I need to reduce Partition of a Set from 3-SAT NAE to prove that set partitioning is NP-Complete.
I have this:
Given an instance of NAE-3-SAT, the reduction builds an instance of the set partition problem in the following way:
First, for each variable xi in NAE-3-SAT, the reduction creates two elements in S, xi and ~xi.
Then, for each clause Ci = (l1 ∨ l2 ∨ l3) in NAE-3-SAT, the reduction creates a subset Ai in C consisting exactly of the literals in Ci. The literals could be xi or ~xi depending on whether the variable is negated in the clause.
Furthermore, for each variable xi, the reduction creates a subset Bi in C consisting of xi and ~xi.
Thus, an instance of the set partition problem has been constructed from an instance of NAE-3-SAT in polynomial time.
Now, it must be shown that this reduction is valid, that is, the NAE-3-SAT instance is satisfiable if and only if there exists a partition of S into two subsets S1 and S2 that satisfy the conditions of the set partition problem.
(⇒) Assume there exists a truth assignment to the variables in NAE-3-SAT that satisfies all clauses.

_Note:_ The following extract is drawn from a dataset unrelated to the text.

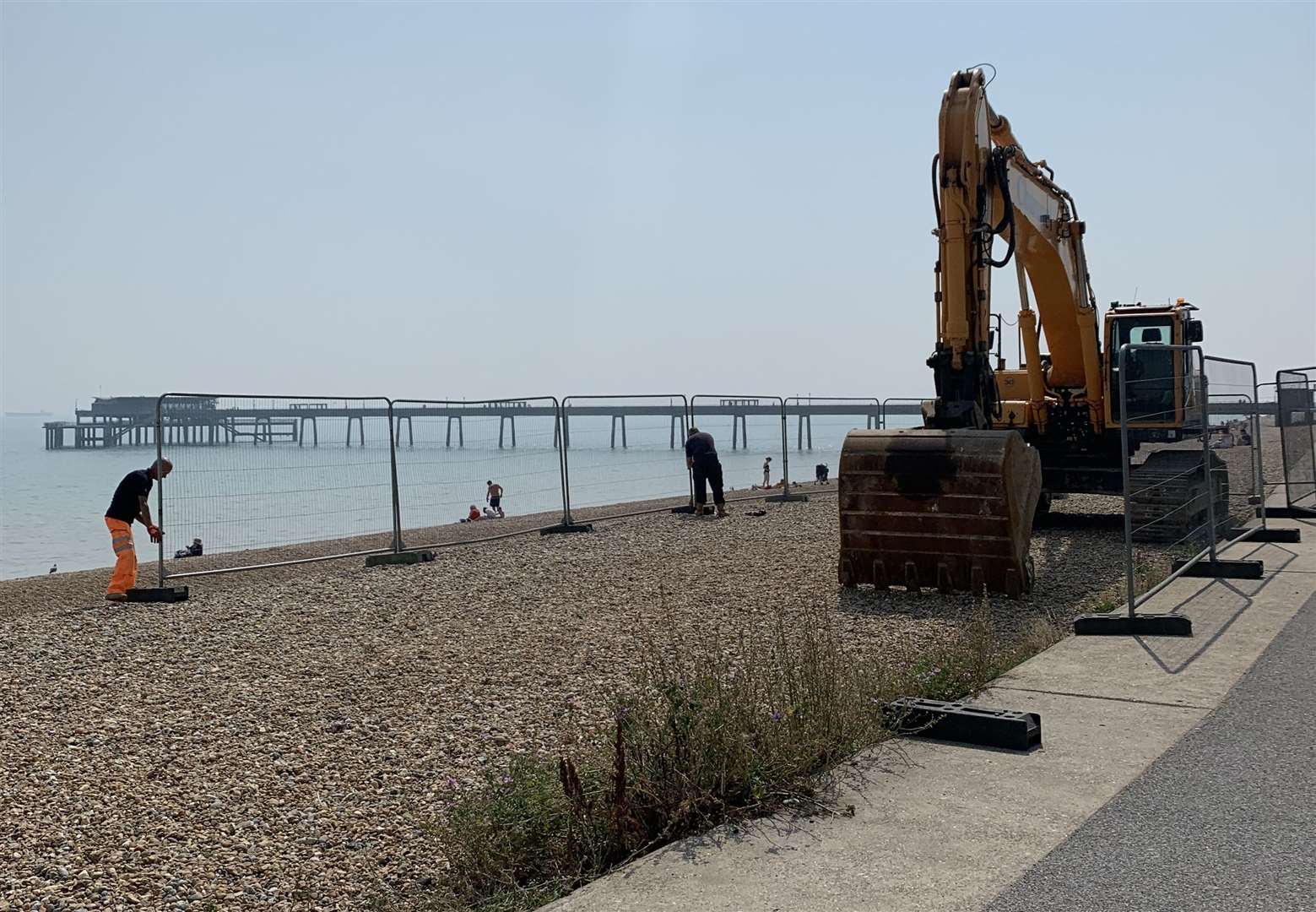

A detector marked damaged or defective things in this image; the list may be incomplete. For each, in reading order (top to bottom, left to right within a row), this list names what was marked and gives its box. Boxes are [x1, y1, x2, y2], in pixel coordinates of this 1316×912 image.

rusty excavator bucket [844, 429, 1040, 598]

We assign all variables that are assigned true to S1 and the others to S2. Since the assignment satisfies NAE-3-SAT, for each clause Ci, there is at least one literal that is true and one that is false, therefore Ai intersects both S1 and S2. Moreover, for each variable xi, xi and ~xi cannot both be true or both false, therefore Bi intersects both S1 and S2.
(⇐) Now, assume there exists a partition of S into two subsets S1 and S2 that satisfy the conditions of the set partition problem. Given the way S and C were constructed, this means that for each variable xi, xi and ~xi are in different subsets, and for each clause Ci, not all literals are in the same subset. Then, we can construct a truth assignment to the variables such that xi is true if and only if xi is in S1. Since not all literals of each clause are in the same subset, this assignment satisfies NAE-3-SAT.
Therefore, the reduction is valid and the set partition problem is NP-complete.